The polarisation of hardened opinions makes it even harder, too, to hold on to the apparently conflicting position of both supporting the protests as well as wishing for universities to open so that the academic year can be completed.
One of the many disappointing aspects of the past few weeks has been that, despite their academic pedigree, so few of my colleagues have been willing to pose, let alone try to answer, the question ‘why?’
Like so many of the people who call in to talk radio stations, as I discovered first-hand a fortnight ago (when temporarily hosting a drive time show on Cape Talk), they are quick to condemn and prefer to focus on the effects rather than the causes of the current crisis.
It is a crisis that is fundamentally multidimensional: the student protesters’ grievances span the micro (fees and individual cases of student arrest or suspension) and the macro (inequality and injustice, lack of real transformation, the rights of workers on campus and on Robertson wine farms, and so on).
Yet, the dominant voice in at least some parts of UCT, and certainly in the law school where I am based, has been one-dimensional: you are either for the protesters “who are disrupting classes” or for the students “who want to learn”, even though, as their leaders keep pointing out, the protesting students also want to go back to class – but not until their demands are met.
Through this rigid binary lens, the protesters are billed as “barbarians” while those who don’t protest and try to return to class and finish the year untroubled are seen as the “civilised silent majority”.
At its worst, messages are exchanged on faculty WhatsApp groups that perpetuate this “them and us” attitude: “They are coming down the hill”; “lock your doors”; “prepare to evacuate”.
I do appreciate that the violence that has escalated in recent times means that some people feel very insecure and anxious about their own safety.
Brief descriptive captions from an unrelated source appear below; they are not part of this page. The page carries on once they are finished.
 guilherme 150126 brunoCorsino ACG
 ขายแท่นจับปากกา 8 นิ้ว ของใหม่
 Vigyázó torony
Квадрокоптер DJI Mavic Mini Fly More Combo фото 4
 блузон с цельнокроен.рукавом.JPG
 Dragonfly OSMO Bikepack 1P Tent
Yet, I also feel that we have lost sight of the fact that “they” are our students.
Where this chasm is created, and gains deeper traction, as it has in my faculty, it is deeply harmful – to both the protesting students and to the negotiation process. Instead of locking ourselves in our offices we should have gone out together to greet and engage them.
We should be there to listen and learn. Because amid all the noise and confusion, there is much to be heard and learnt.
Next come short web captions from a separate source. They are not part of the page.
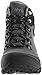Ahnu Women's W Sugarpine II Waterproof Hiking Boot
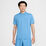 Court Dri-Fit Solid Polo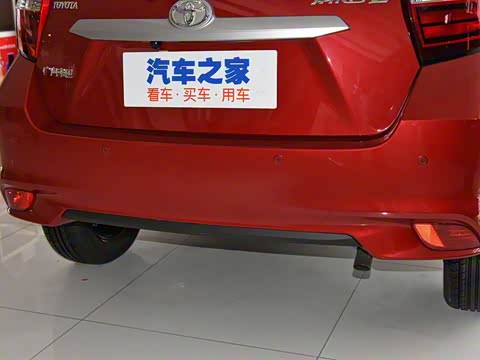 2020�� 1.5L CVT���Ȱ�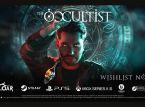 El estudio DALOAR prepara el lanzamiento de The Occultist para 2026 en PC y consolas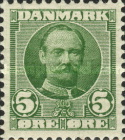 Stamp 54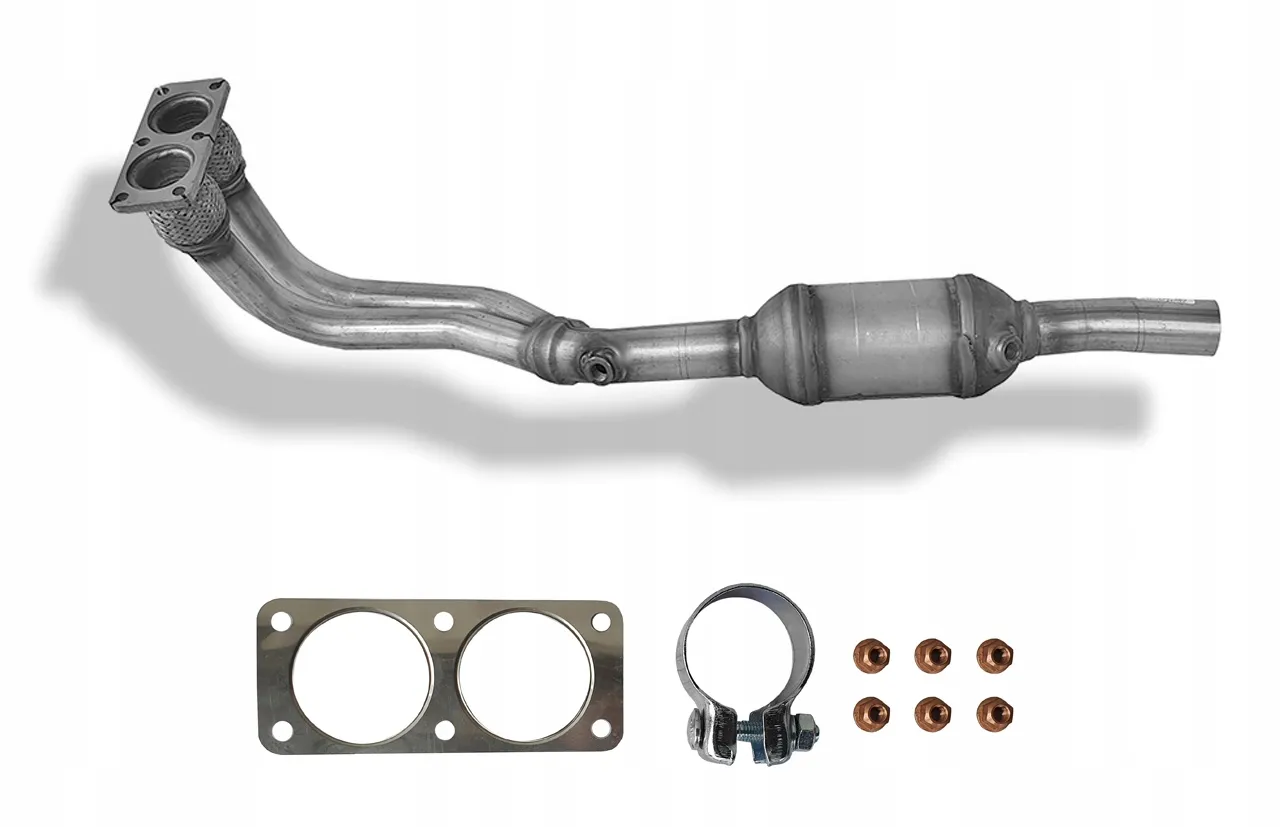 SY  Kompresor klimatyzacji samochodowej VOLVO S60 II, S80 II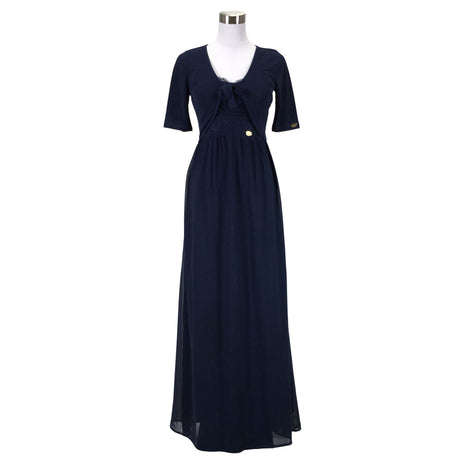 Unisex Chiara Forthi - Juhlamekko, koko 36 -  ()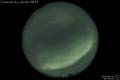2008/6/29 22:55’06”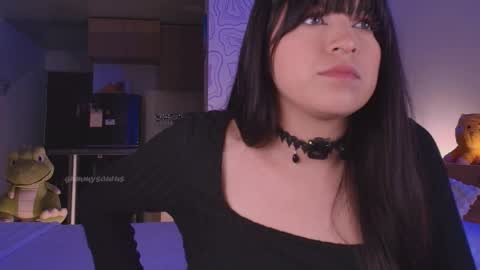    S                                    online show from 14, 4, 2026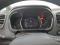preview Renault Scenic #5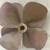 Propellers 1 thumbnail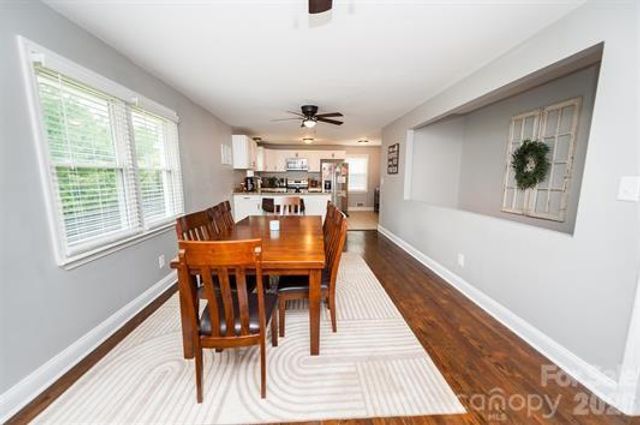 195 Stribling Circle, Spartanburg, SC 29301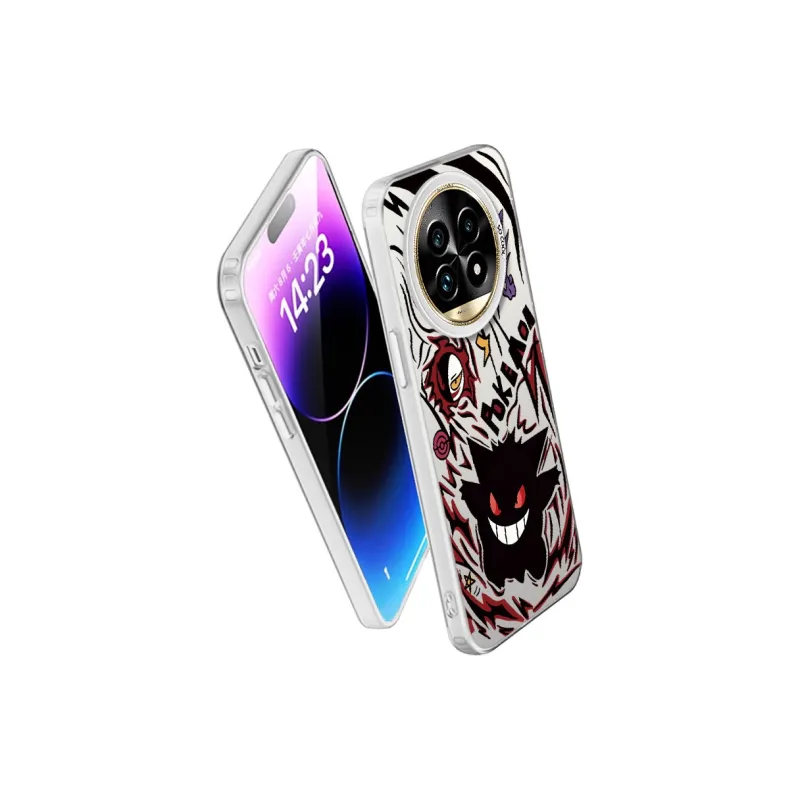 Baochengbao Phone Cases-23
Reflecting the division within the university as a whole, other faculties and departments have adopted a very different approach. On upper campus, for example, members of the Department of Architecture Planning and Geomatics has been holding meetings outside its building every day as a community regardless of UCT being open or closed to resist returning to “business as usual” and to “normality”.
It is conceived as a non-hierarchical safe space together with staff and students participating on an equal basis, creating an opportunity to build some kind of social solidarity could be built or maintained, despite the anger and frustration on all sides of the debate.
Health sciences and certain parts of the humanities faculty have also found ingenious ways to try to create an opportunity out of the crisis. One second year health sciences student told me that he had learnt so much from the many engagements that had been held and his parents, far from fretting about whether he would complete the year, were enormously grateful that his political and social horizons had been so expanded; this learning, they felt, was going to be far more useful to him in his future life as a professional in our complex society than business-as-usual classes.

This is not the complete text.